Microsoft plans to introduce RFID capabilities into the commercial releases of its software, promising RFID-enabled versions of Axapta and Navision next year and an updated version of its Retail Management System in 2006. "KiMs was our way to learn a lot about some of the solutions," Nadella says. "We proved that there's nothing stopping any of our platform pieces from being used for RFID."

Why not create an all-new, RFID-centric warehouse application that can more fully exploit the benefits of the new technology?
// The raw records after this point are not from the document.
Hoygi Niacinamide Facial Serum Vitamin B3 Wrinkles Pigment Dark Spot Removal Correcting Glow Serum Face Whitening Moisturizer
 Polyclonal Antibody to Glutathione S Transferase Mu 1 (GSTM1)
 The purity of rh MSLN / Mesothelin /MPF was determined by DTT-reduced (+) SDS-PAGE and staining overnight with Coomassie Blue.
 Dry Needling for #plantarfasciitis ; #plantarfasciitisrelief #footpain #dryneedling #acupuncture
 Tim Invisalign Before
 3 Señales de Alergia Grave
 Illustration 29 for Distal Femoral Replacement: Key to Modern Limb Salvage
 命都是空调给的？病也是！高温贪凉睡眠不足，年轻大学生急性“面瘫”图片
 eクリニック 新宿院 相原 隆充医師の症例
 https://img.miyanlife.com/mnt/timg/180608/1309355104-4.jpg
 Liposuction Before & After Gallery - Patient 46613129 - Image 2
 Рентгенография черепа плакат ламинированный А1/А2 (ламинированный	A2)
Microsoft's enterprise-resource-planning and supply-chain software is geared for small and medium-sized businesses, which tend to have smaller information-technology budgets. "It doesn't make sense for them to redesign their businesses around RFID yet," Gartner analyst Jeff Woods says. "It will make sense once there are templates for success, once the large companies have figured out how to use RFID and develop new processes."

Wal-Mart and the U.S. Department of Defense have both mandated that their top suppliers adopt RFID according to prescribed timetables. In Microsoft's view, smaller businesses should be able to roll out a simple and easy RFID system to meet such requirements. "It should be no different than what they do today with bar coding," Nadella says. "And when bar coding happened, Microsoft didn't have to create anything special, but we wanted to make sure we supported it. That's the same approach we want to take with RFID."
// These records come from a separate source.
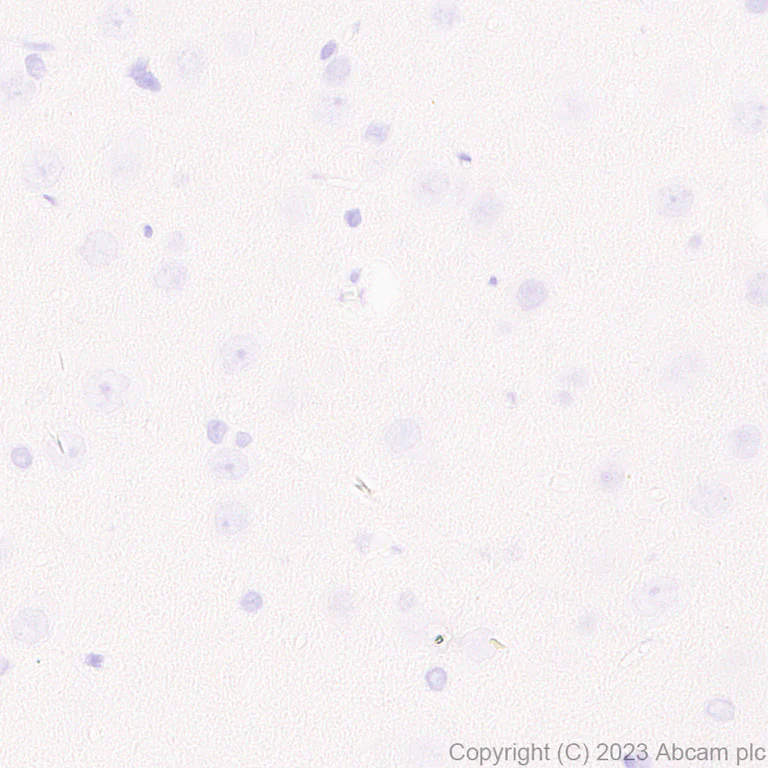 Immunohistochemistry (Formalin/PFA-fixed paraffin-embedded sections) - Anti-Histone H2B (mutated E76Q) antibody [EPR27299-85] - BSA and Azide free (AB309101)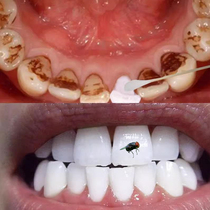 (White teeth don’t ask for help) White teeth are more beautiful. The nemesis of tobacco-stained tea teeth. Easily get white teeth. A must-have for lazy people.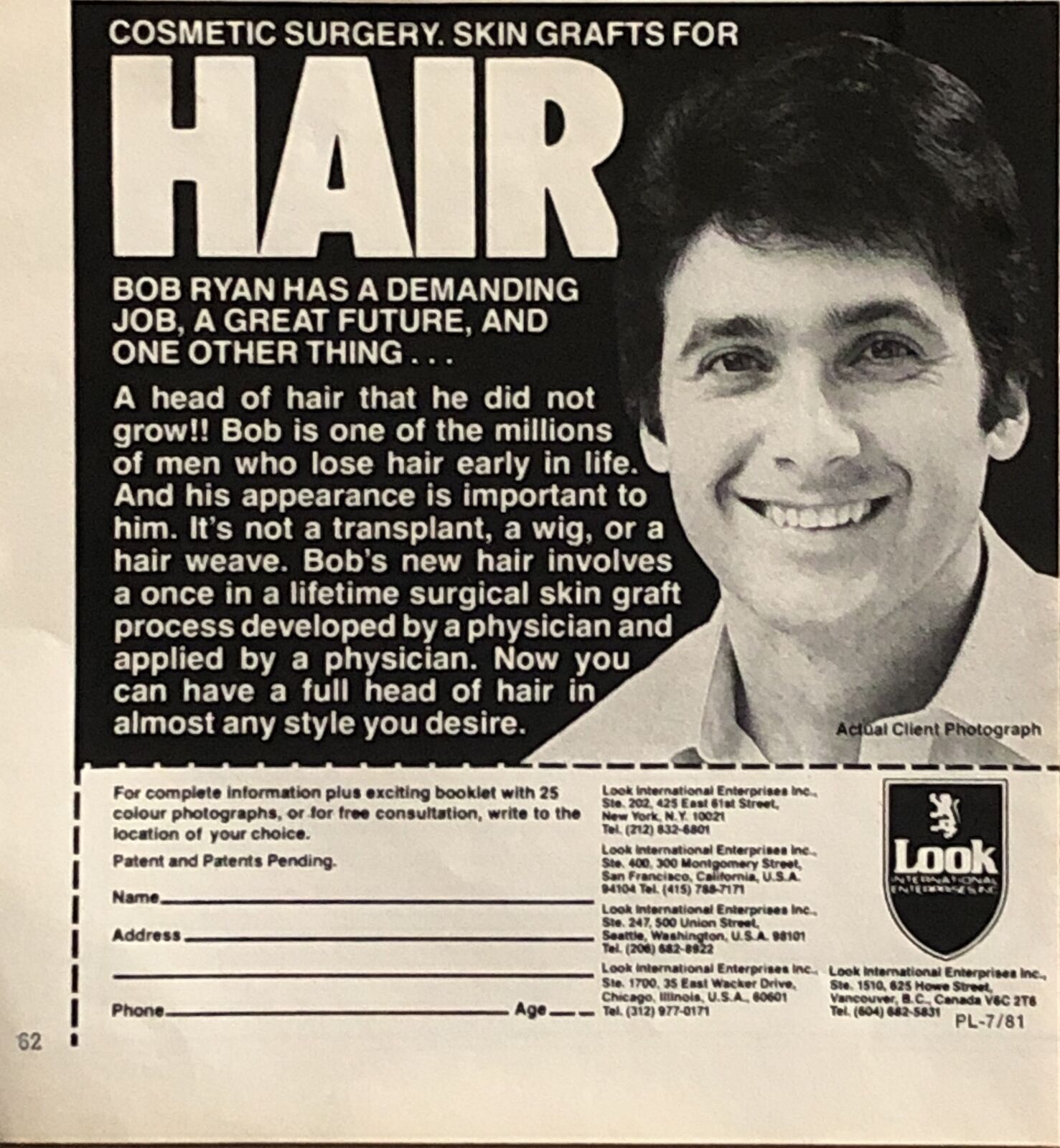 1981 Look International Hair Grafts VTG 1980s PRINT AD Cosmetic Surgery 5.5x5.5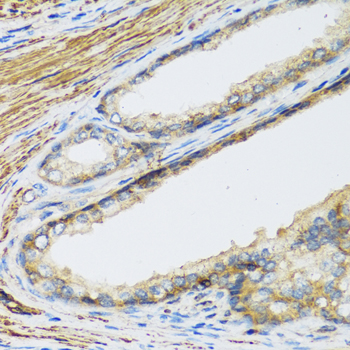 Immunohistochemistry of paraffin-embedded Human prostate using CSH1 Polyclonal Antibody at dilution of  1:100 (40x lens).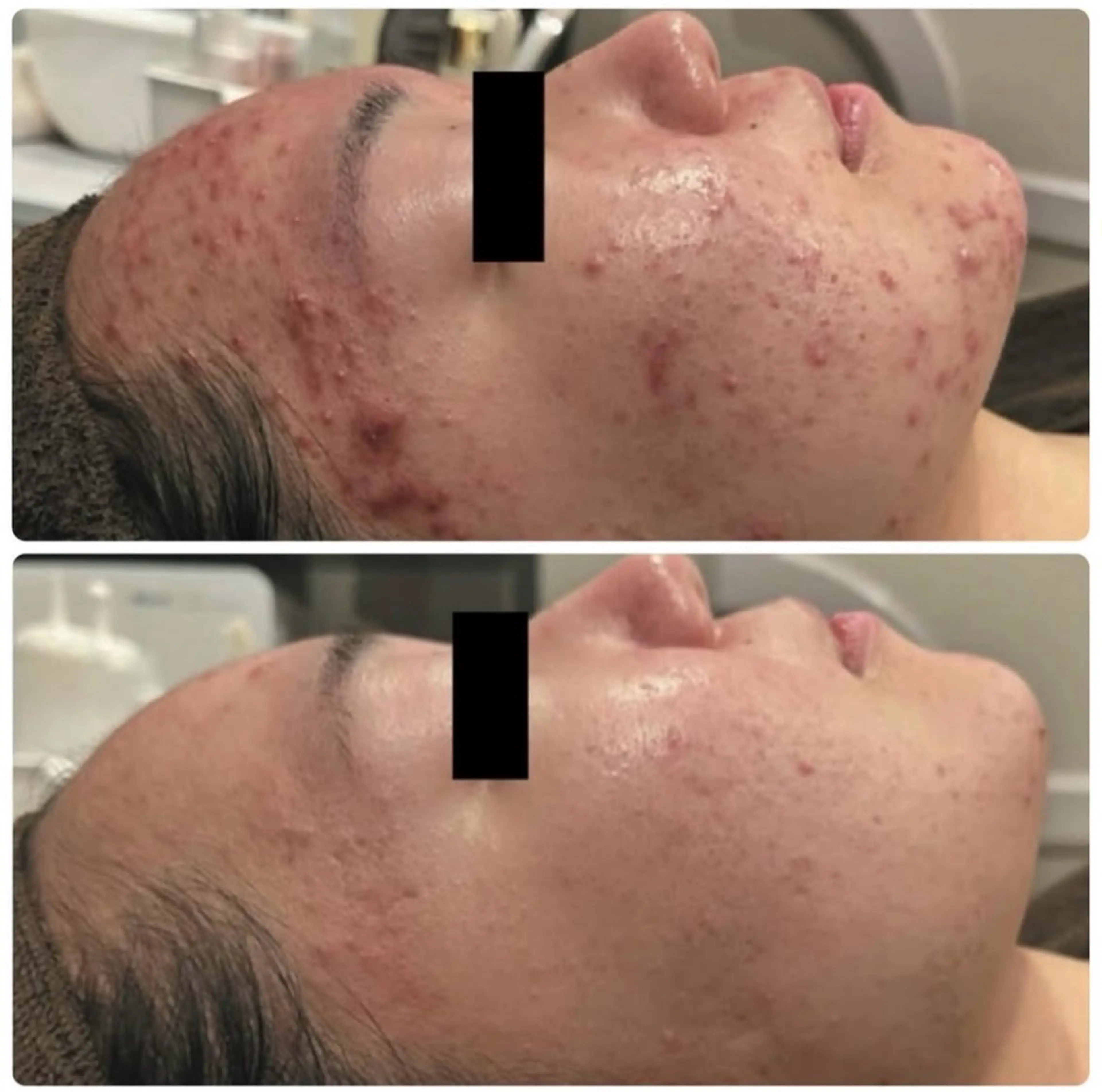 NEW【ホワイトスノーピール】ニキビ肌荒れ改善!ふっくら美肌へ¥13500→¥7500の写真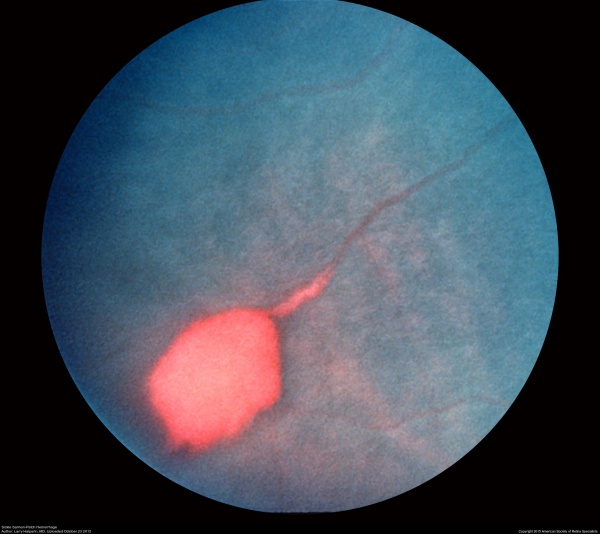(This image was originally published in the ASRS Retina Image Bank by Larry Halperin, MD, Retina Group of Florida. Sickle Salmon-Patch Hemorrhage. 2012; Image Number, 1789. © the American Society of Retina Specialists).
Yet, for small businesses that may have skipped a generation of technology, Nadella says, it may be possible to use RFID as their very first tracking system. "There's a whole host of warehouses that don't even do bar coding," he says. "RFID may be the first economically viable solution for those folks."

Microsoft isn't the only application vendor getting into RFID. Oracle recently said that it has integrated RFID capabilities into its Oracle Warehouse Management software, and SAP and IBM are among the others with products and strategies.

"I think Microsoft started looking at it in terms of continuing to get penetration of their handset platform and quickly realized, 'Hey, there's this middleware thing,' " says Ian McPherson, an analyst with Wireless Data Research Group. "They realized, we do these things, and we can go in there and capitalize."

But Microsoft's challenge may be to show customers how to move beyond the low-cost tactical approach to RFID to realize some of RFID's strategic potential. "It's simple, it's easy to do," says Gartner's Woods. But, he adds, Microsoft's simple approach isn't "going to impact the profitability all that much."